Installation and usage are straightforward: install the gem, write simple Ruby scripts to control browser actions, and run these scripts to automate web interactions.
Watir-WebDriver integrates seamlessly with Selenium WebDriver, enhancing its capabilities with a more object-oriented and consistent syntax, although knowledge of Selenium is beneficial for advanced usage.
The tool’s flexibility is demonstrated through comprehensive support for various web elements and actions, from filling out forms and handling pop-ups to dealing with dynamic content and taking screenshots.

watir

Watir-WebDriver (Watir is short for Web Application Testing in Ruby) is a Ruby gem which allows you to automate your browser (make it click a button, submit a form, wait for some text to appear before continuing, and so on). With its help, a real user can be simulated, allowing you to automate the full stack testing of your web application.

Watir-WebDriver syntax is very clean and inspired by similar frameworks in other languages (Watij for Java and Watin for C#). It is also a well-maintened gem with over 68 releases.

Be aware that Watir (classic) and Watir-WebDriver (both separate Ruby gems) are not the same thing! Watir only supports Internet Explorer, while Watir-WebDriver supports Chrome, Firefox and Safari as well. Think of Watir-WebDriver as Watir 2.0, or as Watir (classic) + WebDriver + some additional features. WebDriver was started by Google to allow browser automation tools to get closer to simulating real user behavior. Even better, all major browser automation frameworks have implemented it.

Selenium 2.0, which is a major part of Watir-Webdriver, also describes itself with this simple formula: Selenium 1.0 + WebDriver = Selenium 2.0.

Let’s (Automatically) Fill Out This Ruby Survey!

Your job is to go to this web page (you can also download it from here, unzip it and replace the ‘browser.goto’ argument with the local path to the form.html file.) and fill it out automatically with Watir-WebDriver.

To get started, first install Watir-webdriver with gem install watir-webdriver. Also, make sure you have Firefox installed (we’ll be using it for this example).
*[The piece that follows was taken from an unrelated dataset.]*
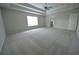 Expansive bedroom features a tray ceiling, neutral carpet, and natural light from the bright window at 2289 Overlook Ave, Lithonia, GA 30058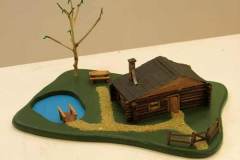 32 - sculpture of a brown log cabin with a path to a tree and pond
Save the following into a new watir_script.rb file and run it:


require 'watir-webdriver'
browser = Watir::Browser.new :firefox # should open a new Firefox window
browser.goto 'http://nitrowriters.com/form/form.html' # or type the local path to your downloaded copy
browser.text_field(:id => 'my_text_field').set 'Yes!'
browser.textarea(:class => 'element textarea medium').set 'It was a long time ago, I do not remember'
browser.radio(:name => 'familiar_rails', :value => '1').click # yes, I'm very familiar
sleep 2 # puts the entire program to sleep for 2 seconds, so you can see the change
browser.radio(:name => 'familiar_rails', :value => '3').click # actually, just a bit...
browser.text_field(:name => 'favorite_1').set 'Yukihiro' # the creator of Ruby
browser.text_field(:id => 'favorite_2').set 'Matsumoto' # is my favorite Ruby person!
browser.checkbox(:index => 1).click # I like the TDD culture
browser.checkbox(:index => 2).click # And Matz!
sleep 2 # puts the entire program to sleep for 2 seconds, so you can see the change
browser.checkbox(:index => 1).click # Oh well, I like only Matz..
browser.select_list(:id => 'usage').select 'Less than a year'
browser.select_list(:id => 'usage').select_value '2' # Changed my mind
# Here I entered C:/watir.txt because I had such a file inside my C: directory. Please be sure
# to enter a valid path to a file, or your script will report 'No such file or directory' error
browser.file_field.set 'C:/watir.txt' # Change this path to any path to a local file on your computer
puts browser.p(:id => 'my_description').text

I highly recommend you don’t continue with this article until you’ve run this script successfully. There’s nothing more motivating than imagining the possibilities of how you can automate your browser after seeing your first Watir-WebDriver script in action. Read on after you’re done.

How a Real User Interacts With a Web Page

Go and open that web page again. Fill it in manually. Put any values you want in it. Finished? Good. Now, ask yourself: “How did I interact with this page? What did I do?” If you observe yourself carefully, you do 2 things when trying to interact with this or any other web page on the Internet:

a) Visually identify the part of the page you want to interact with (either a text box, a link, clicking on the title of a web page and so on).

b) Perform some action on that part of the page. Most of the time, you click on that part, but sometimes you also enter text. These 2 things are what you do 99% of the time: click (with your mouse) and type things (with your keyboard)

You cannot do b) without a). If you don’t visually identify what element you want to click on or type something in, then it’s pointless.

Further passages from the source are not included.